WHAT TO DO =>
Data follows below. Repeat exactly the lines between the line holding "KIA Niro manuale del proprietario / page 501" and the line holding "Blueberi B Women’s", inclusive, and nothing more; drop pictures.

(SOURCE INFORMATION begins)

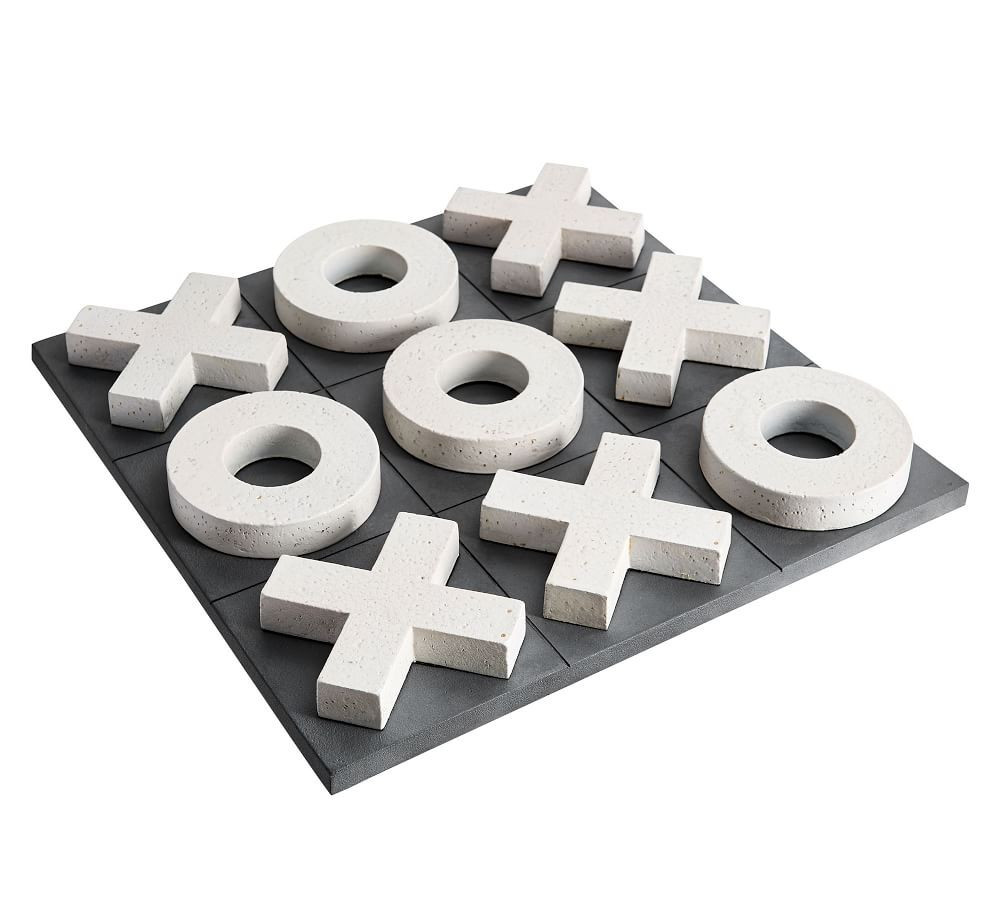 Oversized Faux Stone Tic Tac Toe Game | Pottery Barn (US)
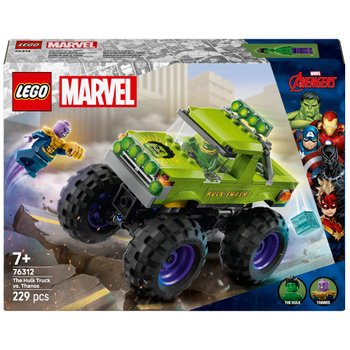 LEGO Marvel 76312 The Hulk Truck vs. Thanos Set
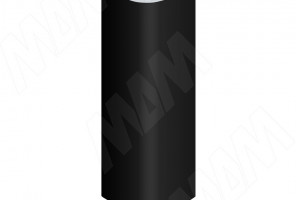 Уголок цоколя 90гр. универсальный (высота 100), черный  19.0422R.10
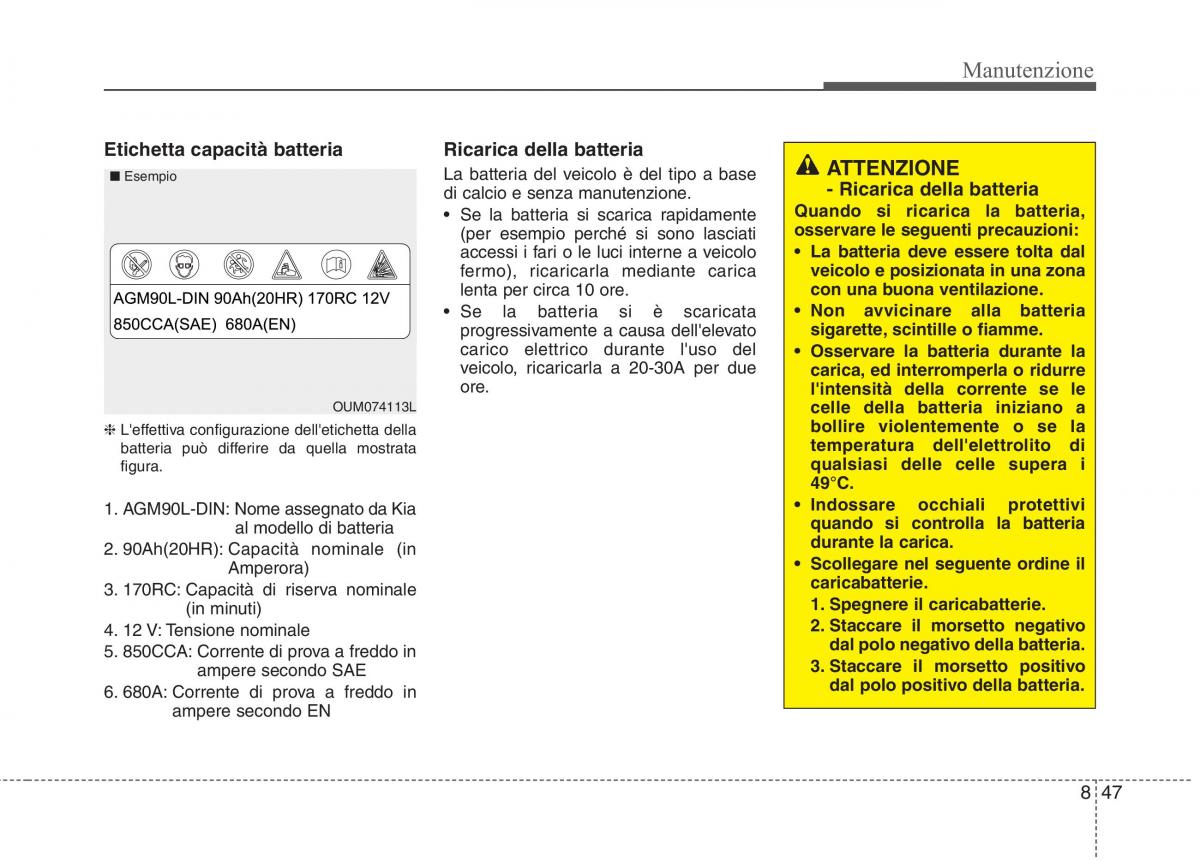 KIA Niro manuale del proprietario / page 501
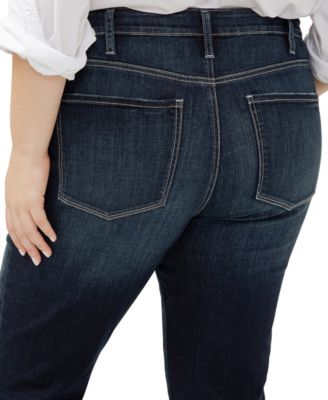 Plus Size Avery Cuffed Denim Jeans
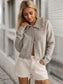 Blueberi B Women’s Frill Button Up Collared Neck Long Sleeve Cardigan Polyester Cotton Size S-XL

(SOURCE INFORMATION ends)
(SOURCE INFORMATION begins)

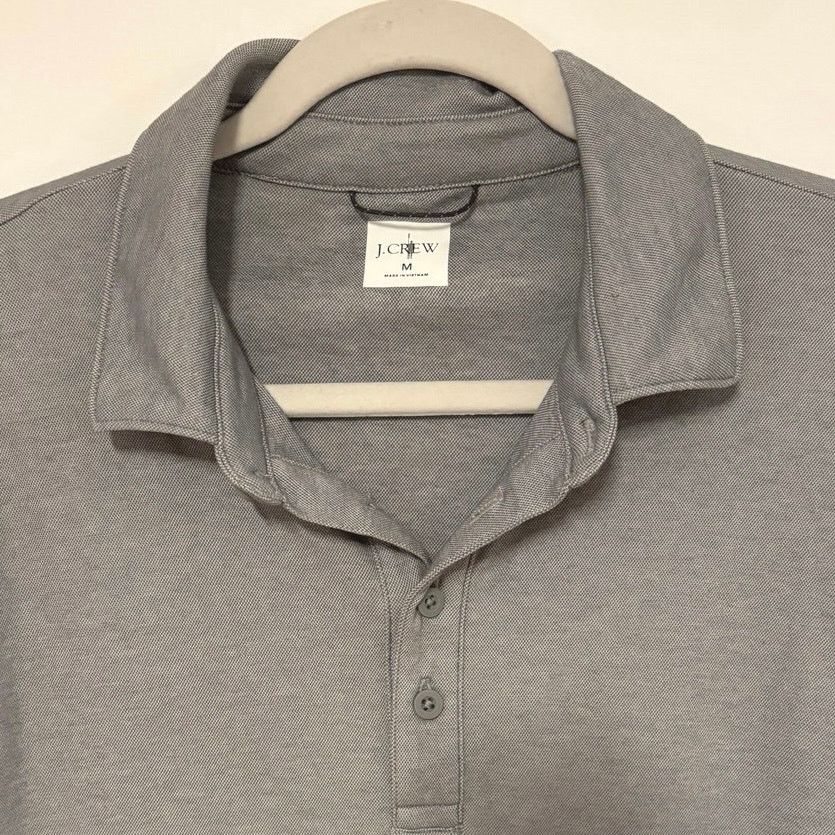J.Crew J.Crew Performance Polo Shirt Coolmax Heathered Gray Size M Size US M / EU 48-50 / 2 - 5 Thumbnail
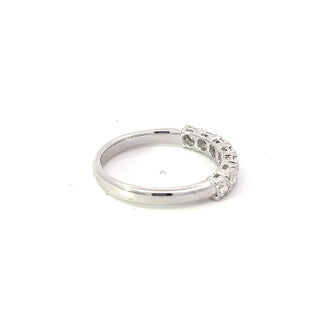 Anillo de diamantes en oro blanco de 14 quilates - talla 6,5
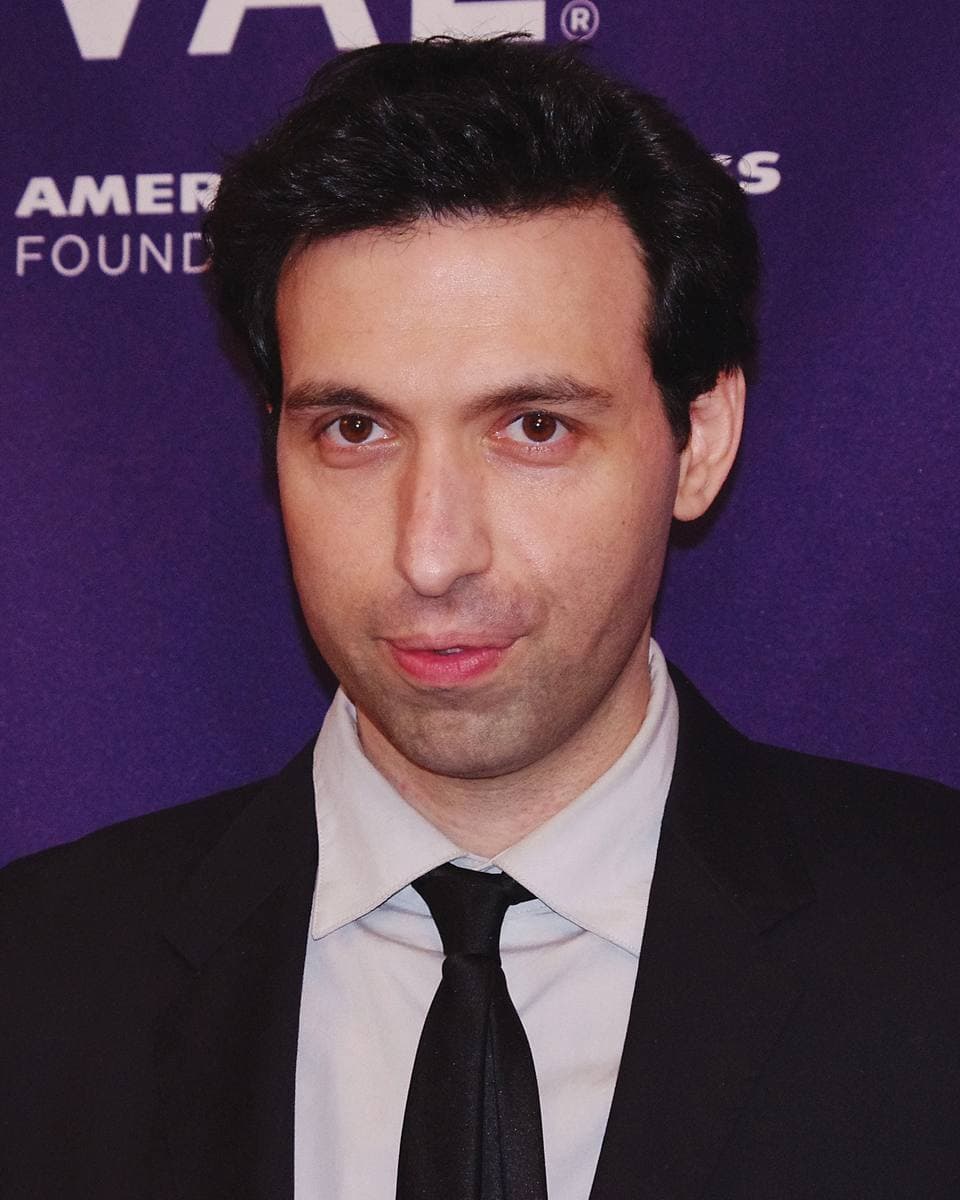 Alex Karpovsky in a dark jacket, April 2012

(SOURCE INFORMATION ends)
(SOURCE INFORMATION begins)

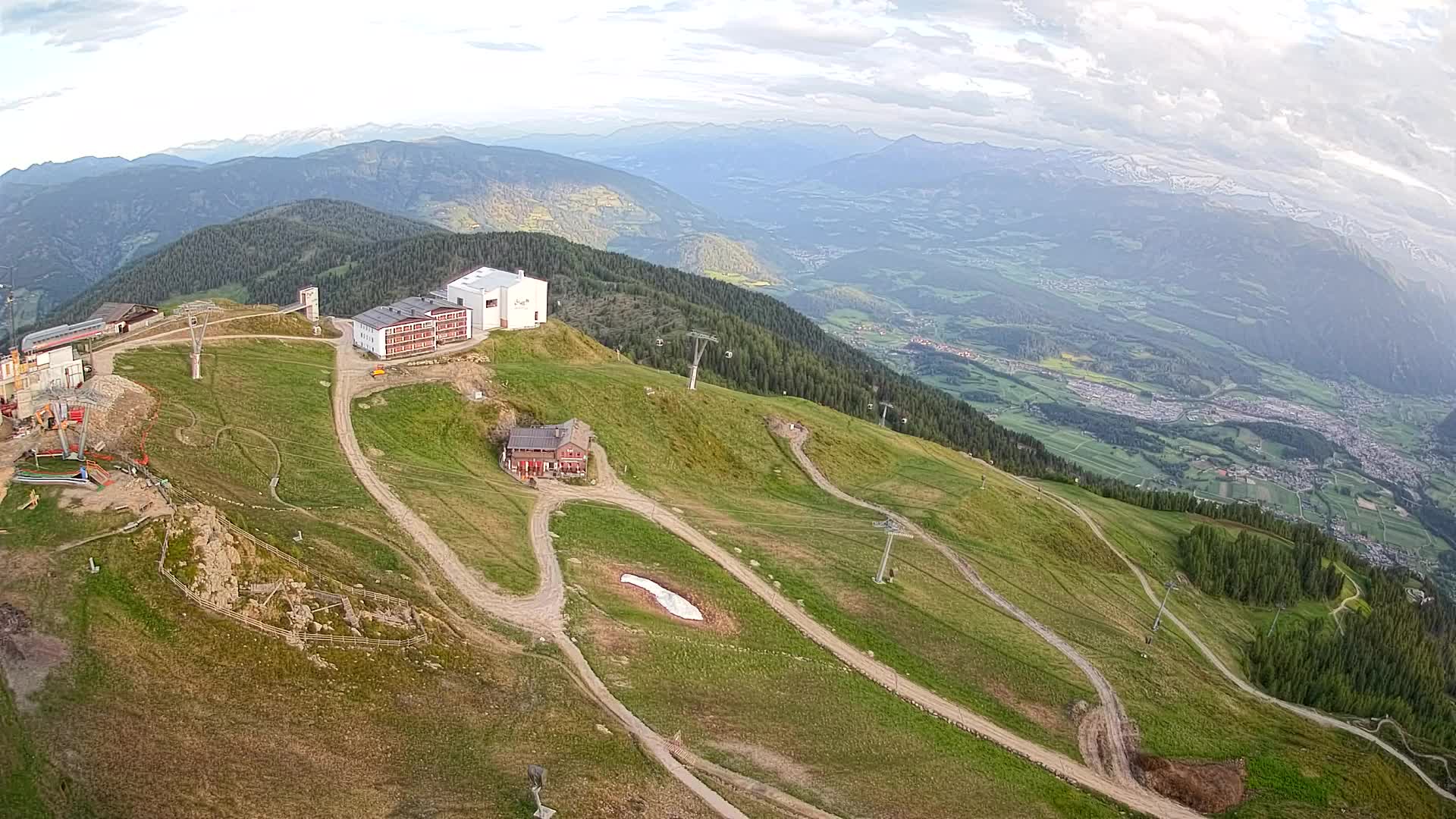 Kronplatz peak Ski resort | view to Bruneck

(SOURCE INFORMATION ends)

TASK RESULT =>
 KIA Niro manuale del proprietario / page 501
 Plus Size Avery Cuffed Denim Jeans
 Blueberi B Women’s Frill Button Up Collared Neck Long Sleeve Cardigan Polyester Cotton Size S-XL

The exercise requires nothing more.